→ **What is being asked**: Beneath this line sits some data. Return only its lines from the one holding "default Security Image" through the one holding "Audi A6L 2024", inclusive, exactly, with the images removed.

→ **Given records**:
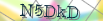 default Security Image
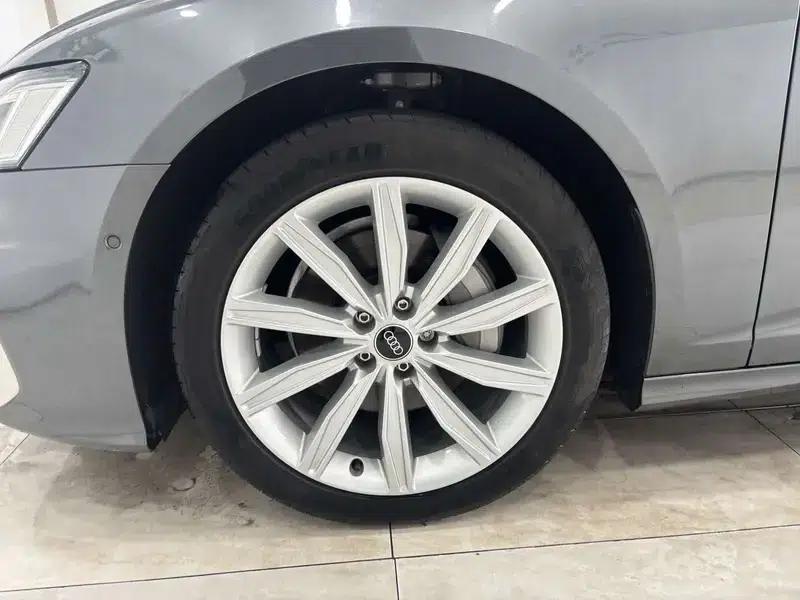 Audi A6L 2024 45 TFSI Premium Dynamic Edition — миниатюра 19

...

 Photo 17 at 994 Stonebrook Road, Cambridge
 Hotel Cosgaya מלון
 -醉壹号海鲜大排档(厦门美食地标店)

---

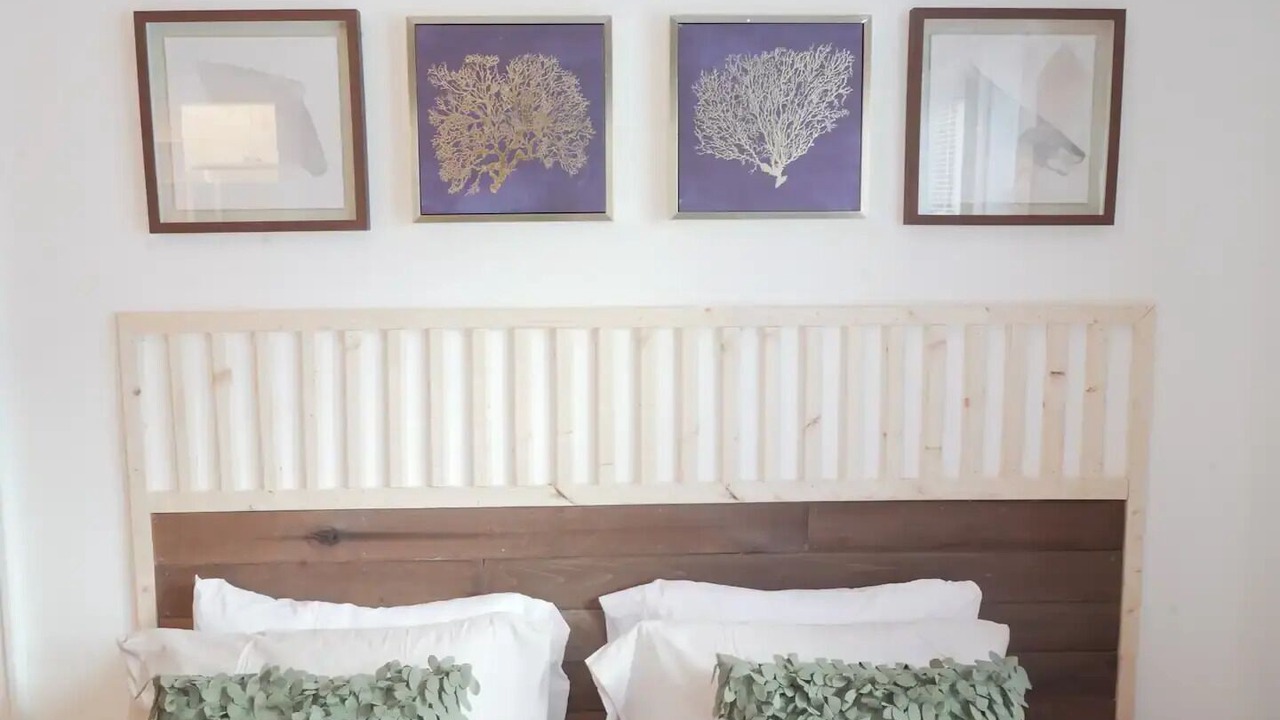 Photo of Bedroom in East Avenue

→ **Solution to the exercise**:
 default Security Image
 Audi A6L 2024 45 TFSI Premium Dynamic Edition — миниатюра 19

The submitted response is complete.